Como o requerimento inicial da CPI tratava de dados referentes aos passeios de Bolsonaro por Brasília, o levantamento feito pelo EL PAÍS nas redes do presidente não leva em conta os atos públicos em que ele promoveu aglomerações ou a “motociata” no dia 23 de maio, no Rio de Janeiro, da qual participaram cerca de 2.000 motociclistas, entre eles o ex-ministro da Saúde e general da ativa do Exército, Eduardo Pazuello. O militar discursou sem máscara no evento, poucos dias após depor na CPI e pedir desculpas por não usar a proteção facial em um shopping de Manaus. A participação de Pazuello no ato pró-Governo, aliás, resultou na sua reconvocação para a CPI, o depoimento deve ocorrer ao longo do mês de junho. “A nova convocação do Pazuello tem um caráter pedagógico fundamental, se não ocorresse ela soaria, na prática, como um desrespeito ao trabalho desta comissão”, disse o relator Calheiros.

Após um mês de trabalhos, a CPI inicia nesta semana a fase de oitivas de especialistas.

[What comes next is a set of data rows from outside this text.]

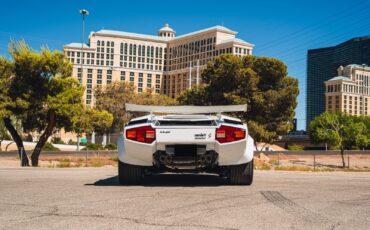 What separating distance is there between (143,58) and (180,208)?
181746 mm

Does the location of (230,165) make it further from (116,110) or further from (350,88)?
(350,88)

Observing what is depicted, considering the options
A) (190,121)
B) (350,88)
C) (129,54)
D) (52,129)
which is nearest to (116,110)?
(52,129)

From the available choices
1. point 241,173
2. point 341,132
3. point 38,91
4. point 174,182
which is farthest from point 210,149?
point 341,132

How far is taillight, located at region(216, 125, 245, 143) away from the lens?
6.85 meters

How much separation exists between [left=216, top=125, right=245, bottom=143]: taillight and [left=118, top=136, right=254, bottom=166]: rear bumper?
2.7 inches

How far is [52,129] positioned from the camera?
70.3ft

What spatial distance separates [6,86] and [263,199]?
17493 mm

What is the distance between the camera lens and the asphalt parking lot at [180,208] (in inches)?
158

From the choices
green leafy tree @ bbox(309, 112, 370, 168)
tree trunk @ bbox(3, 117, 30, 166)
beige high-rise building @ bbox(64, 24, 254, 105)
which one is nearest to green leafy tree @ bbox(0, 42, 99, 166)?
tree trunk @ bbox(3, 117, 30, 166)

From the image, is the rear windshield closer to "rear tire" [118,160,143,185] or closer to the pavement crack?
"rear tire" [118,160,143,185]

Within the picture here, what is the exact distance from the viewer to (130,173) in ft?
24.4

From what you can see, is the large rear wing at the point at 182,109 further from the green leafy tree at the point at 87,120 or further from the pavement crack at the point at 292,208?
the green leafy tree at the point at 87,120

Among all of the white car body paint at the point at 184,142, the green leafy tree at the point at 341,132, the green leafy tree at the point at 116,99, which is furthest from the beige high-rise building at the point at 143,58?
the white car body paint at the point at 184,142

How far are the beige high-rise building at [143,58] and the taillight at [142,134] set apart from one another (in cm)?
16202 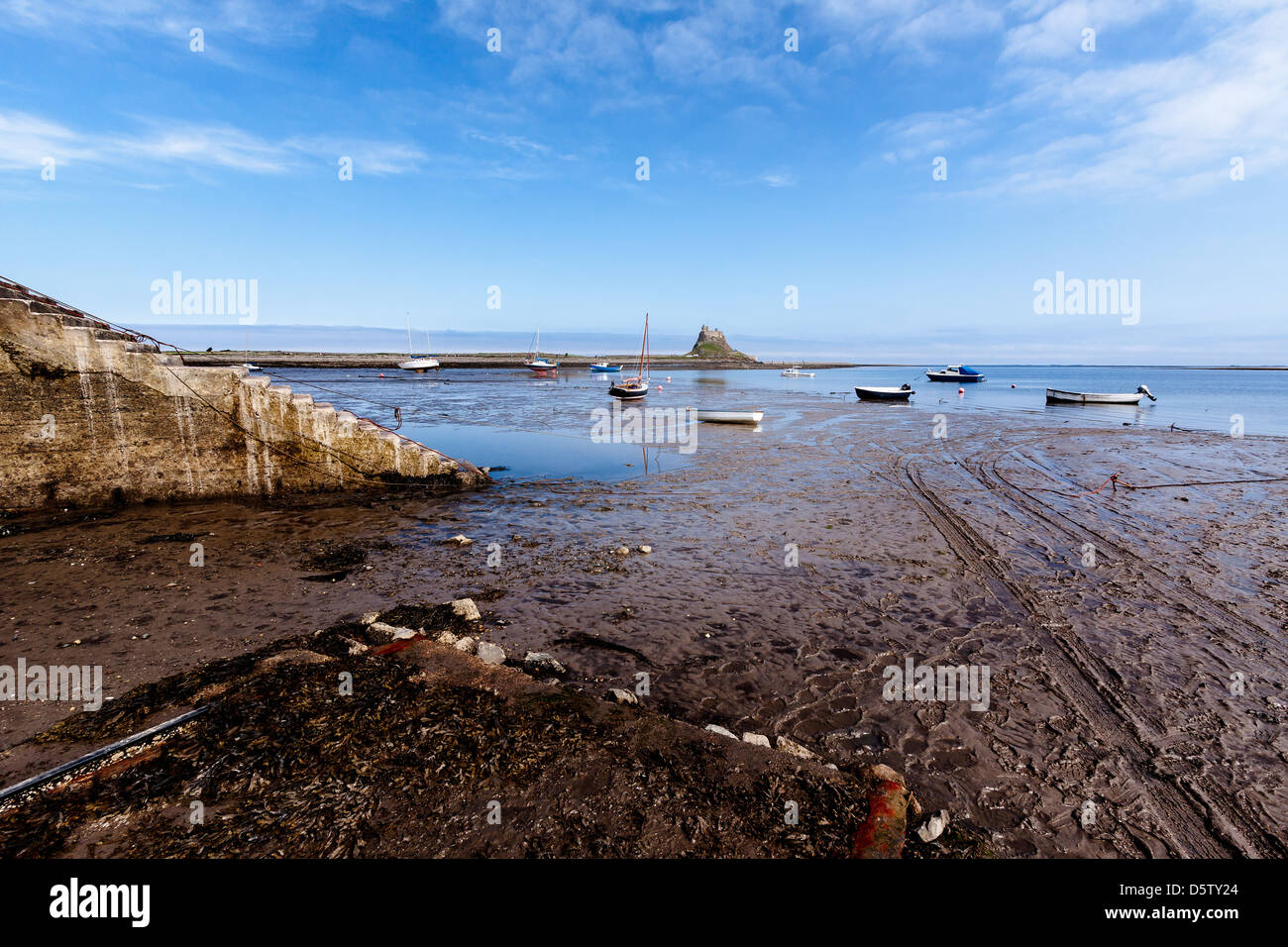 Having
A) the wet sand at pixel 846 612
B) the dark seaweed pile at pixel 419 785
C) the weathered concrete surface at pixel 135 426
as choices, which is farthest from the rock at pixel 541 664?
the weathered concrete surface at pixel 135 426

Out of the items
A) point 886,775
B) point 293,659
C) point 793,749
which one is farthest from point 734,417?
point 886,775

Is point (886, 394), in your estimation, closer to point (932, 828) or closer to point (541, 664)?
point (541, 664)

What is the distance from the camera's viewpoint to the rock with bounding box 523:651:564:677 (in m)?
6.77

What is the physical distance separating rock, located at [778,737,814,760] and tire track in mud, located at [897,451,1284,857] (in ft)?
9.67

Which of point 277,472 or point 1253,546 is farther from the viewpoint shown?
point 277,472

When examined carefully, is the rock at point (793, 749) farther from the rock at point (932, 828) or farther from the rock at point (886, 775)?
the rock at point (932, 828)

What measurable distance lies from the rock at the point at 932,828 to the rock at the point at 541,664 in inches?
162

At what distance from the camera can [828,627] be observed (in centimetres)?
834

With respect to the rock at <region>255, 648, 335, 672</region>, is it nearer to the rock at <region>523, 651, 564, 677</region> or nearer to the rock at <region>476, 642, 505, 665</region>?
the rock at <region>476, 642, 505, 665</region>

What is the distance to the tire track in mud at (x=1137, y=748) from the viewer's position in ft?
15.0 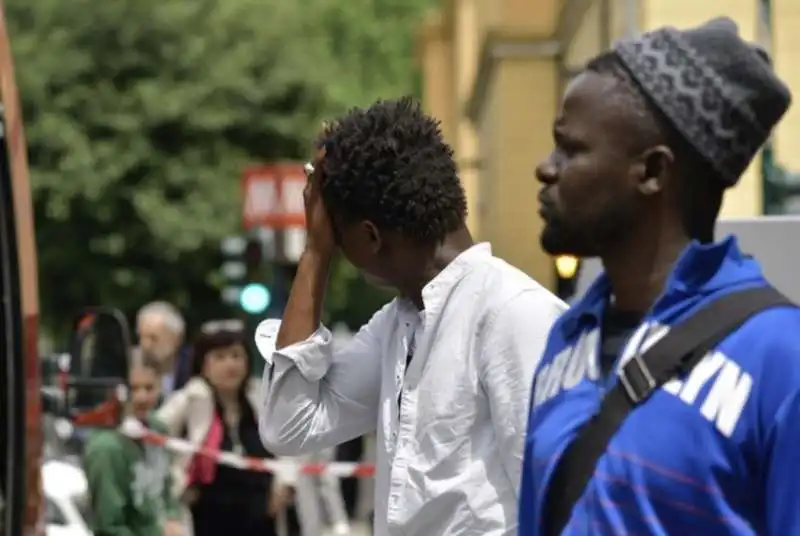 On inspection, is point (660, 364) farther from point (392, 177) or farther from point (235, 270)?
point (235, 270)

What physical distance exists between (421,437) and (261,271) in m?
13.8

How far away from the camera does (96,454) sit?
8375 millimetres

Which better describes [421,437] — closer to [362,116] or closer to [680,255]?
[362,116]

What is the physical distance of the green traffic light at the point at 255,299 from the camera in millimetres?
16500

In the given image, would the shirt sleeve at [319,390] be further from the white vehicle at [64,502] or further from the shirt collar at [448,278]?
the white vehicle at [64,502]

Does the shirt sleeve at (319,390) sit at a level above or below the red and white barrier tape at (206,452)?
above

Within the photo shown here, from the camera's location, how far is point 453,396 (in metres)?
3.60

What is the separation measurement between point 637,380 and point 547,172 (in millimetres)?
346

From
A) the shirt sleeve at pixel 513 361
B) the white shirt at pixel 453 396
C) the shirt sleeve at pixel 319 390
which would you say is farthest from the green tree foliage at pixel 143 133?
the shirt sleeve at pixel 513 361

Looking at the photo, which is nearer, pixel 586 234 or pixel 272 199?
pixel 586 234

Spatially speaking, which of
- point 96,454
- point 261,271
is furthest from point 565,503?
point 261,271

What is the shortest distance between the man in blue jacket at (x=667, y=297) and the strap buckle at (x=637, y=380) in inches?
0.5

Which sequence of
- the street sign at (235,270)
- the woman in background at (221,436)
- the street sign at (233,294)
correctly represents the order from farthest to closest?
the street sign at (235,270) < the street sign at (233,294) < the woman in background at (221,436)

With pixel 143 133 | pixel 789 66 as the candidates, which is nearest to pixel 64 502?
pixel 789 66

Nesta terça-feira será ouvida a médica Nise Yamaguchi, conselheira informal do presidente e defensora da ineficaz cloroquina no tratamento de coronavírus. Na quarta, outros quatro nomes comparecerão, entre eles o presidente da Sociedade Brasileira de Infectologia, Clóvis Arns da Cunha, e a presidente da Sociedade Brasileira de Medicina de Família, Zeliette Zambom. O microbiologista e youtuber de divulgação científica Átila Iamarino também foi convidado.